3.10.5 Examples - Framing and its effect on decision making

The framing effect can influence decision-making across a variety of contexts, from health care to finance, and even in our daily choices. Here are a few examples to illustrate how different frames can lead to different decisions or perceptions, even when the underlying information is identical.

Health Care Decisions

Example: A doctor explains the risks of an operation to two patients. To the first patient, the doctor says, “The survival rate of this surgery is 90%.” To the second patient, the doctor says, “There is a 10% mortality rate for this surgery.” Even though both statements convey the same information, the first patient is likely to perceive the surgery as less risky than the second patient because the information is framed positively, emphasizing the chances of survival rather than the risk of death. This difference in perception can affect the patient’s willingness to undergo the surgery.

Financial Investments

Example: Consider two investment options presented by a financial advisor. To one group of clients, the advisor describes Investment A as having a “95% chance of not losing any money.” To another group, the advisor describes Investment A as having a “5% chance of losing money.” Here, the first group is more likely to invest in Investment A due to the positive framing, even though both groups received the same information about the investment’s risk.
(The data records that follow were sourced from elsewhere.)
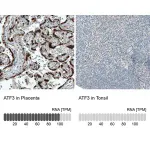 Merck Monoclonal Anti-ATF3 antibody produced in mouse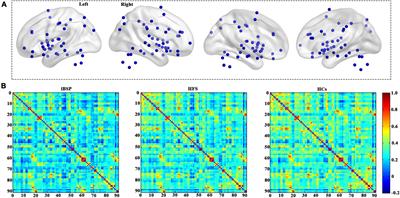 Cortico-basal ganglia networks dysfunction associated with disease severity in patients with idiopathic blepharospasm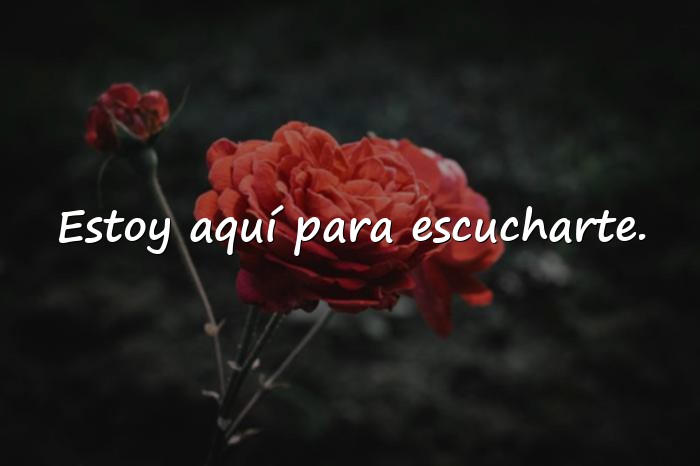 Imágenes frases de ánimo y apoyo - 17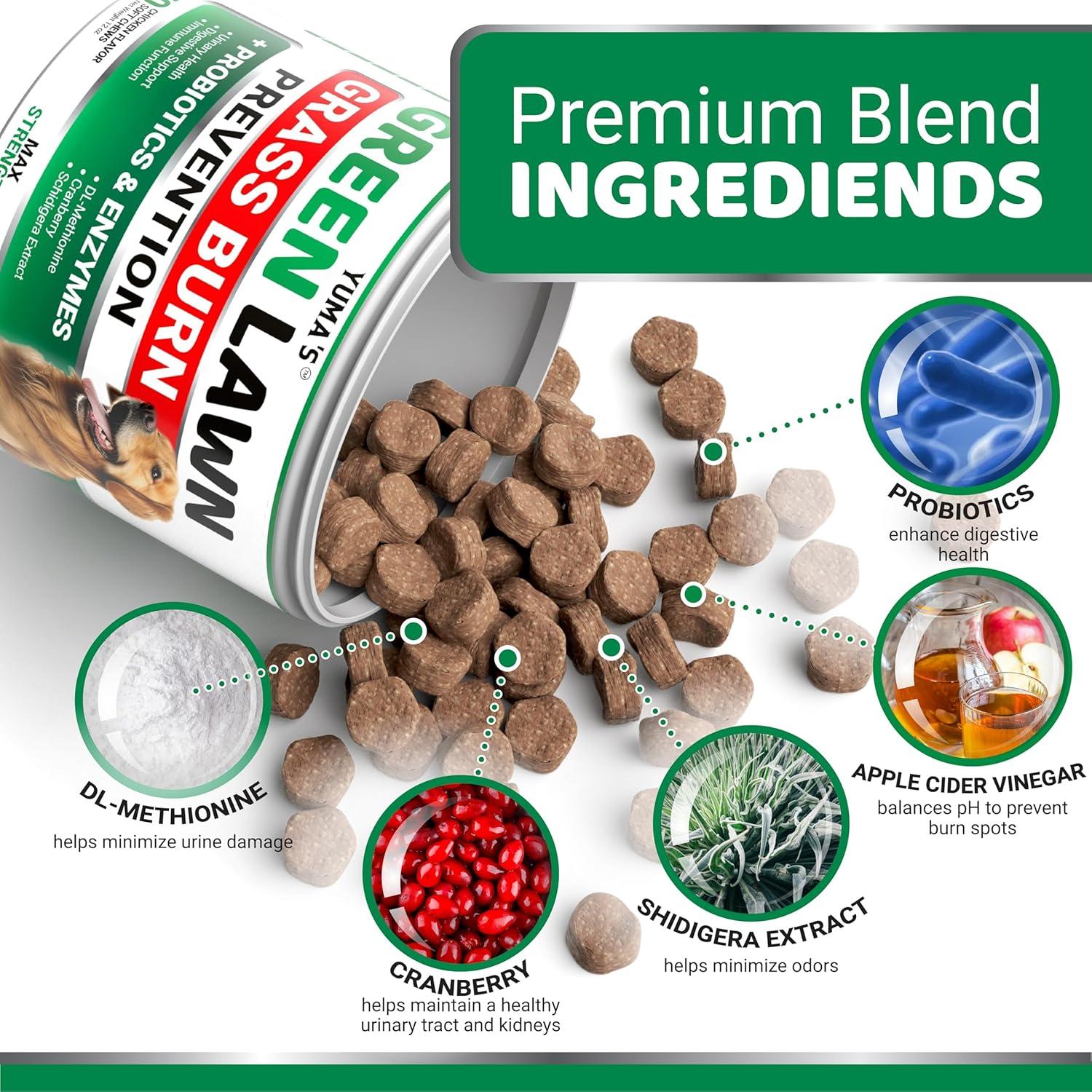 image:imageProbiotics for Dogs and Digestive Enzymes 170 Dog Probiotics Chews Dog Probiotic Anti Diarrhea Upset Stomach amp Gas Relief Constipation Canine Prebiotic Pet Fiber Supplement Gut HealthGreen Lawn Probiotic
Environmental Policy Support

Example: An environmental campaign seeks to reduce plastic usage by highlighting the impact of plastic waste. To one audience, the campaign message says, “Join us, and help save 100 marine animals every year by reducing your plastic usage.” To another audience, the message says, “Every year, 100 marine animals die due to plastic waste. Your action can stop this.” Although the underlying message is the same, the first, positively framed message might inspire people by focusing on the positive impact of their actions, while the second, negatively framed message emphasizes the grim consequences of inaction.

Product Marketing

Example: A meat packaging company labels its product in two different ways. For one product line, the label reads “80% lean meat,” while another equivalent product line reads “contains 20% fat.” Consumers are more likely to choose the “80% lean” option over the “20% fat” option, despite them being the same product. The positive framing of “lean meat” is more appealing than focusing on the fat content.

Mitigation Strategies

Recognizing the power of framing can help individuals critically evaluate how information is presented to them and make more informed decisions. For instance, by considering both the positive and negative frames of a health care decision (“90% survival rate” vs. “10% mortality rate”), patients can make more balanced choices that reflect their values and preferences, rather than being swayed by emotional reactions to a particular frame.